COLLECTED DATA |

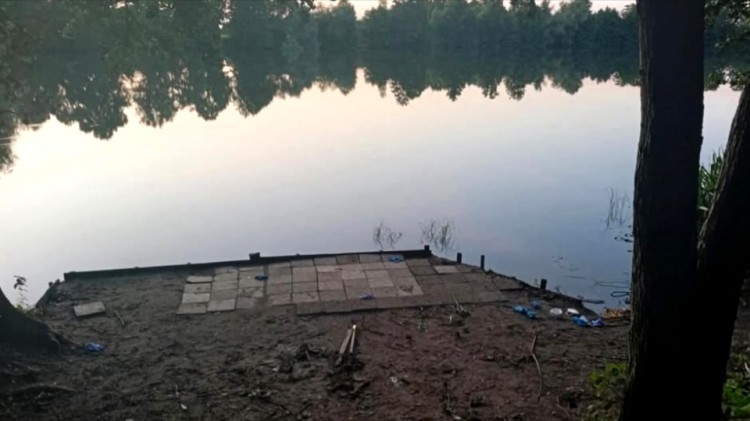 Zwłoki w jeziorze w Kościeleczkach - policja i prokuratura badają sprawę.…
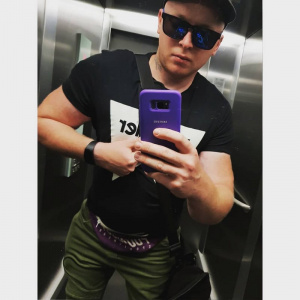 hand, selfie, cool, glasses, muscle, sunglasses, goggles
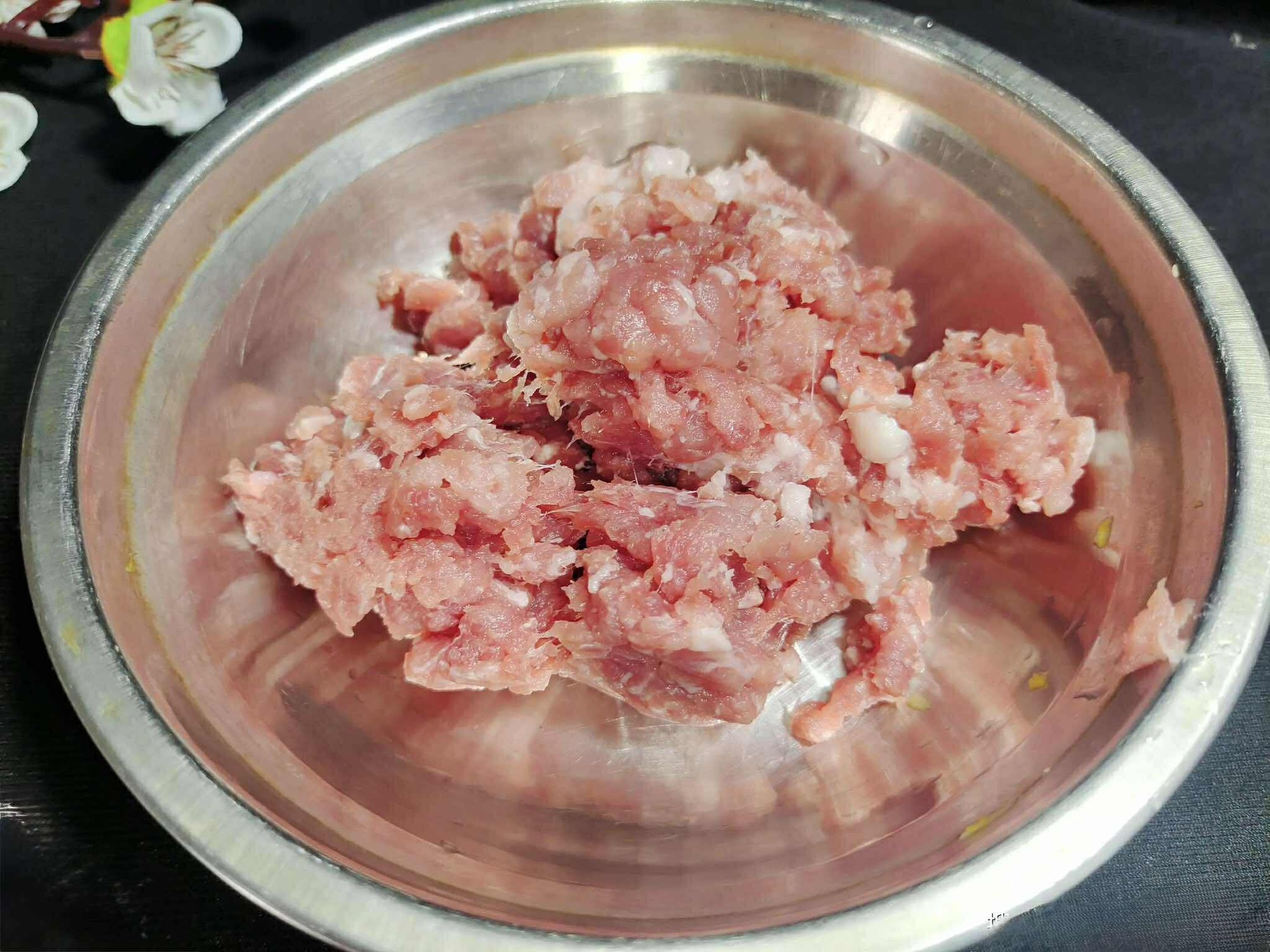 Chỉ 15 phút là nấu được món ăn thay cơm cực ngon có đủ rau và thịt, nước dùng đậm đà cho ngày gió mùa tràn về- Ảnh 4. Chỉ 15 phút là nấu được món ăn thay cơm cực ngon có đủ rau và thịt, nước dùng đậm đà cho ngày gió mùa tràn về- Ảnh 4.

EXERCISE AIM |
The response is to contain exactly the lines from the beginning of the data through the line containing "hand, selfie, cool, glasses, muscle, sunglasses, goggles", both ends included, and nothing else; omit the pictures.

EXERCISE ANSWER |
 Zwłoki w jeziorze w Kościeleczkach - policja i prokuratura badają sprawę.…
 hand, selfie, cool, glasses, muscle, sunglasses, goggles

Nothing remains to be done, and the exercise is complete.